Siguiendo las teorías físicas, eso quiere decir que los fotones -las partículas que forman la luz- ‘golpean’ la superficie de los objetos empujándolos hacia abajo. Los fotones son energía, es decir no tienen masa, lo que significan que proyectan un peso negativo y hacen que cualquier objeto pese más al sol que a la sombra.

La diferencia, lógicamente es imperceptible, pero eso no significa que no se puedan medir. De hecho los científicos han probado que en un día con sol, vamos un día típicamente mediterráneo, un metro cuadrado de terreno pese un nanokilo más que durante la noche.
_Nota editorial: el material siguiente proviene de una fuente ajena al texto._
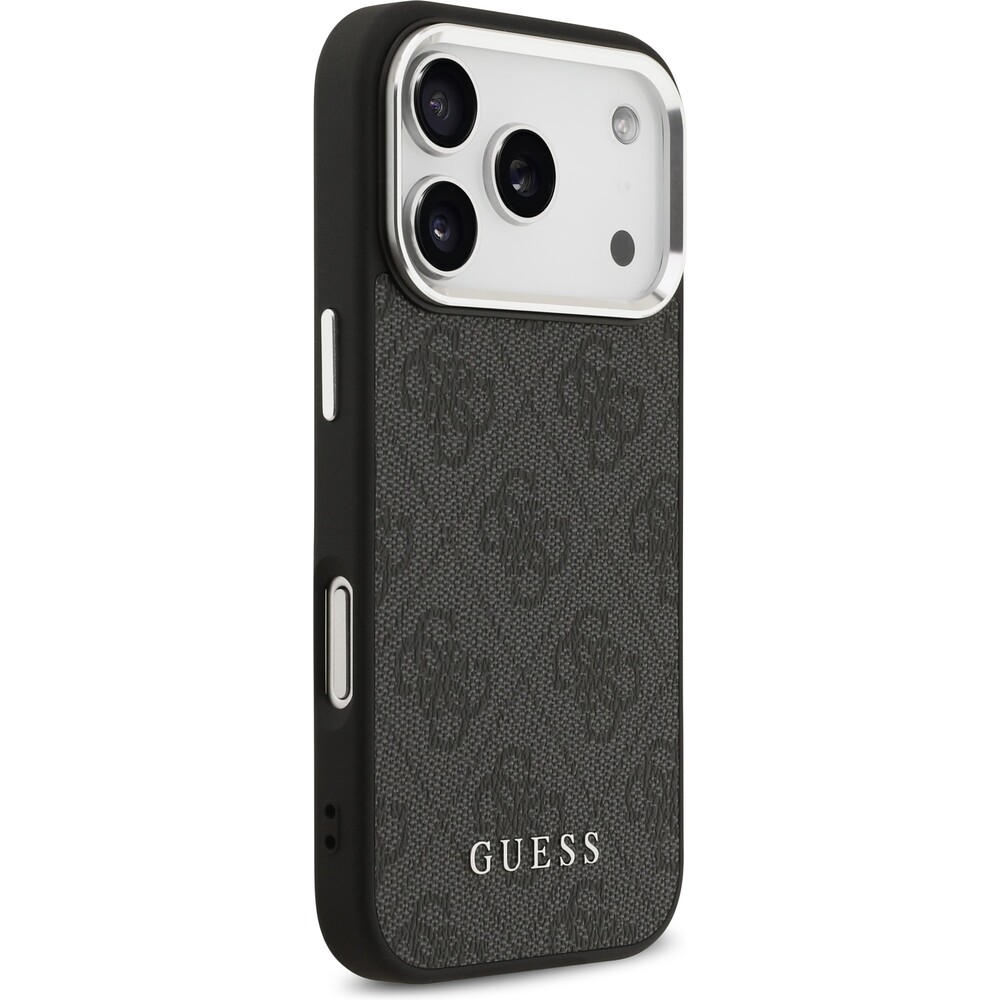 Guess-4G-MagSafe-kryt-iPhone-17-Pro-cerny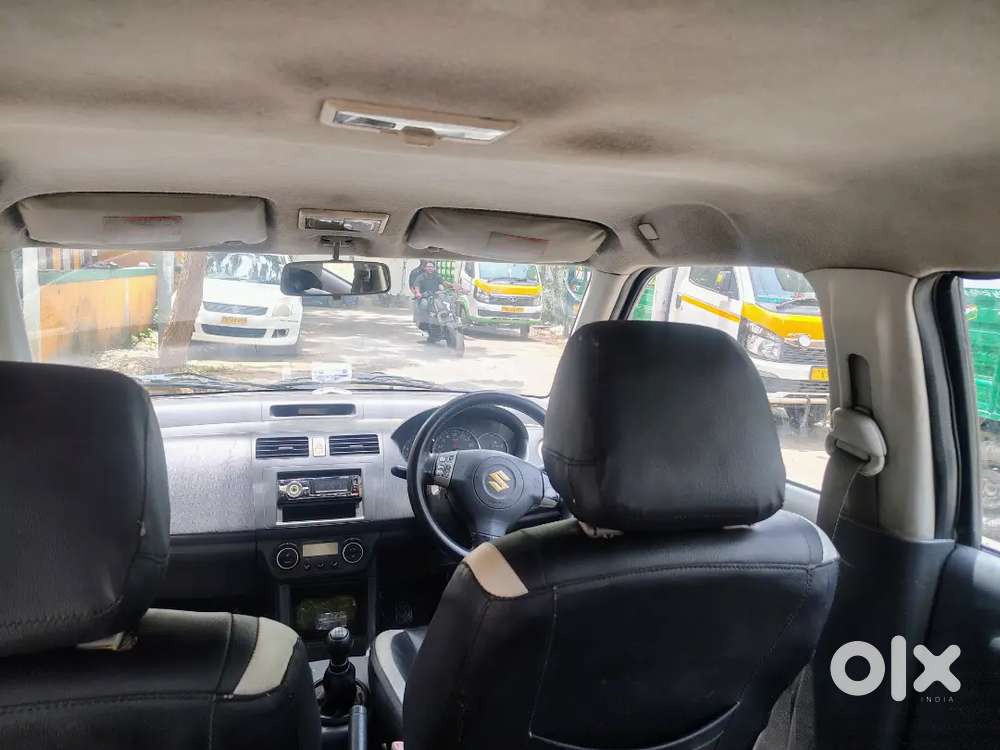 Swift Dzire Zxi Cng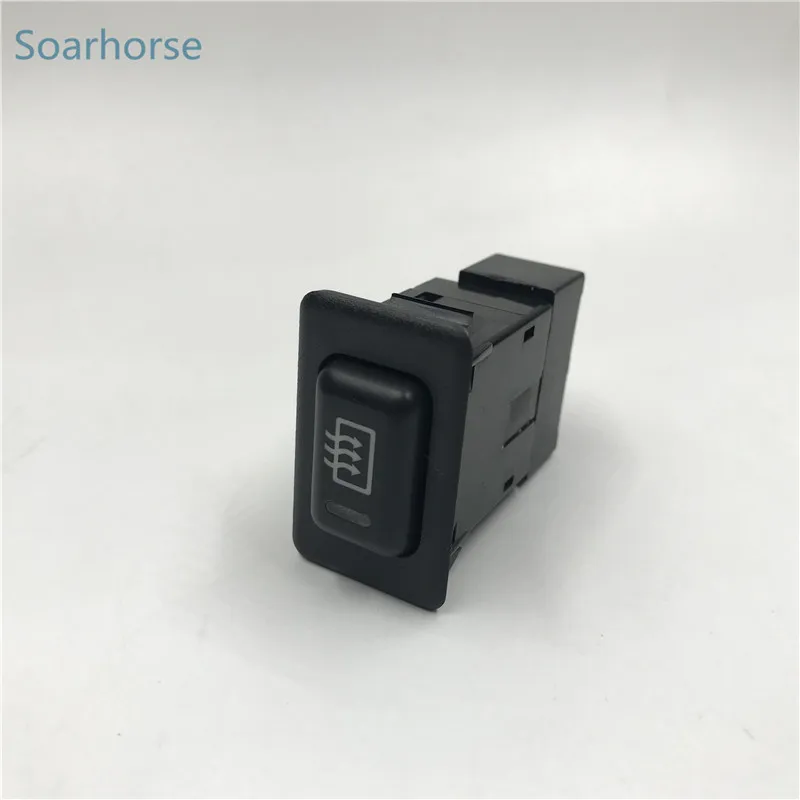 Кнопка переключателя для автомобильного дефростера заднего стекла Soarhorse Mitsubishi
El asunto resulta algo más que curioso, es un fenómeno muy estudiado en los viajes espaciales o en el envío de sondas al espacio. Allá arriba la radiación solar no cuenta con atmósfera, y se pueden producir variaciones.

Por ejemplo, un cohete viajando de la Tierra a Marte se desvía por el viento solar unos 1.000 km al final del viaje. Algo que no ocurriría si ‘pudiera viajar a la sombra’.